DATA EXCERPT

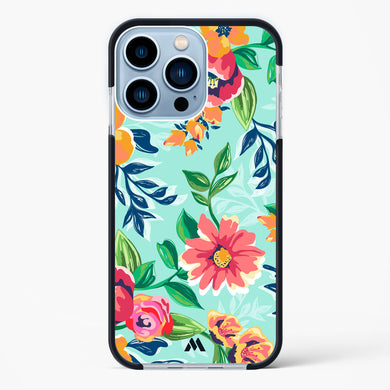 Flower Print on Canvas Impact Drop Protection Case (Apple)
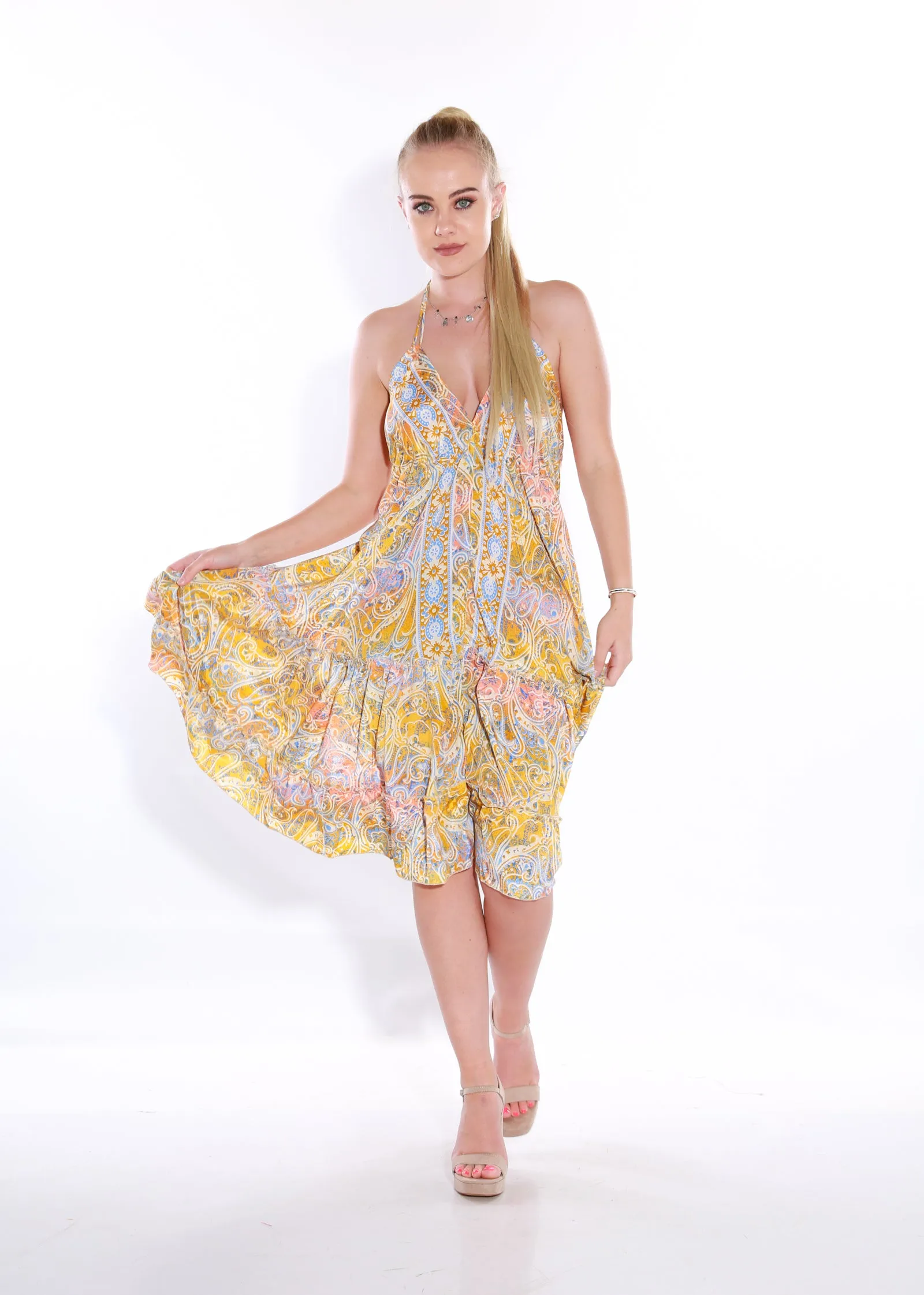 Happy Spaghetti Short sun dress- tuscany
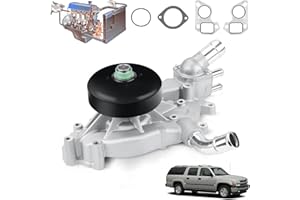REENKEY Engine Water Pump Kit AW5104 with Gasket & Thermostat Compatible With with Chevy Express Silverado Tahoe Tiltmaster Trailblazer Suburban,GMC Sierra Forward Envoy Yukon, Buick, Cadillac, Hummer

PROBLEM
Copy every line of the data exactly as written, excluding the pictures.

OUTPUT FOR THIS EXERCISE
 Flower Print on Canvas Impact Drop Protection Case (Apple)
 Happy Spaghetti Short sun dress- tuscany
REENKEY Engine Water Pump Kit AW5104 with Gasket & Thermostat Compatible With with Chevy Express Silverado Tahoe Tiltmaster Trailblazer Suburban,GMC Sierra Forward Envoy Yukon, Buick, Cadillac, Hummer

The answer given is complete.